Underworld: Awakening kicks off by pitting the Vampires and Lycans against an unexpected but extremely dangerous enemy: mankind. You see, us humans caught wind of the creatures living in our midst and we didn't like it one bit. In fact we hated their otherness so much that we reached for the sickening practice of genocide. The purge (as the film puts it) saw Vampires and Lycans executed en masse with only a few survivors managing to eke out an existence underground. Selene (Kate Beckinsale), the death dealer, and her hybrid lover Michael tried to make a break for it but got captured in the process.
12 years later (no, seriously) Selene is rudely brought out of a cryogenic sleep to find that she is the captive of an evil scientific corporation named Antigen.
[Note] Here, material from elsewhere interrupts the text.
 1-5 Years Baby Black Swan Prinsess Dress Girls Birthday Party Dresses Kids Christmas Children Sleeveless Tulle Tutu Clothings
They probably had dastardly designs on her but it doesn't matter because one very bloody escape later, she is on the run. Using a strange mental link that even she can't explain, Selene hopes to track down Michael but instead ends up finding...her daughter (gasp!). That's right, there's a mini death dealer in town and all sorts of unsavory types want a piece of her. The rest of the film turns into a battle for Selene as she struggles to protect her newly discovered daughter (India Eisley) while keeping the search for Michael alive.
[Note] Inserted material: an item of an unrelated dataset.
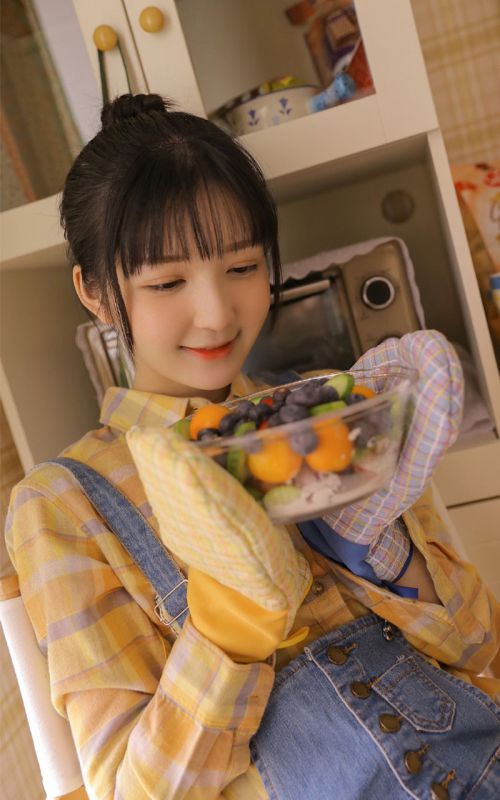 清纯少女萝莉小清新可爱美女养眼漂亮私房写真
Although the movie attempts to recap the events of the first few Underworld flicks in its opening moments, it's a bit of a futile effort. At this point, you've either seen the entries leading up to this one (and understand the confusing but detailed mythology of the series) or you haven't. If you're in the latter camp, I would definitely start with the first two movies. If you're the impatient sort, the third can be safely skipped since it is just a prequel. Newcomers who wish to jump right into Awakening will not be rewarded for their eagerness. To be fair, even franchise veterans may be taken aback by how little time and energy is spent on framing the film within the context of what's come before.
All action, all the time seems to be the order of the day. Any sort of character development is tossed out the window in service of visceral thrills. I can respect the fact that Swedish directing duo Mårlind and Stein want to keep things lean and mean. It just feels like Awakening overdoes it on both counts. This is an exceedingly brisk film (not even 80 minutes sans credits) that ends up feeling incomplete rather than efficient. It earns its brevity by ignoring any aspect of the tale that doesn't somehow pit Selene against a room full of Lycans. This may come down to semantics but I believe it is the difference between having a singular purpose and having a one-track mind. The former suggests drive and focus while the latter is lacking in imagination. Can you guess which phrase applies to this film?
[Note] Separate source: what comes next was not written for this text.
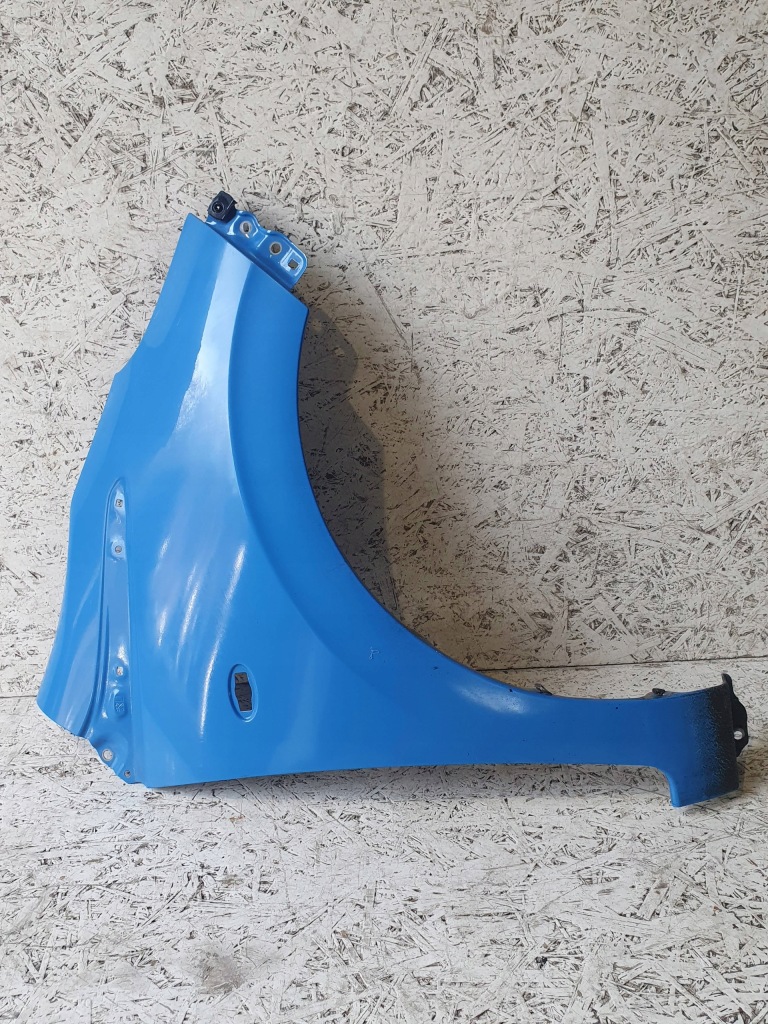 фото №1, Peugeot 108 крыло правый перед передний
As for the meanness, let's cut right to the chase. This is the most brutal entry of the entire series. The carnage comes early and often starting with Selene's blood-soaked escape (scalpel to the skull, ouch!) continuing through a massacre in a vampire den followed by the gory climax that finally answers the question "how do you kill a Mega-Lycan the size of a motor home?" The answer surprisingly involves a touch more intelligence than I would have expected. The action sequences are all cleverly staged but lack an element of danger as Selene has turned into the Terminator. Even when she's being tossed around like a rag doll, we sit secure in the knowledge that none of her foes have what it takes to bring her down (sorry, Stephen Rea doesn't count). Since all this action comes at the cost of furthering the series mythology, there are times when Awakening doesn't even feel like an Underworld film.
Don't let all my whining fool you. I did have flashes of fun with the film. It fulfills its function of being glossy action-packed eye candy. The cast is mostly game with Beckinsale and Eisley standing out. Michael Ealy and Theo James are tossed in to make up for the absence of Scott Speedman (don't be fooled by the stunt double with weird digital face replacement). The pace is unrelenting and each set-piece builds nicely until the mayhem of the finale. The problem is that despite all of its huffing and puffing, it just didn't blow me away.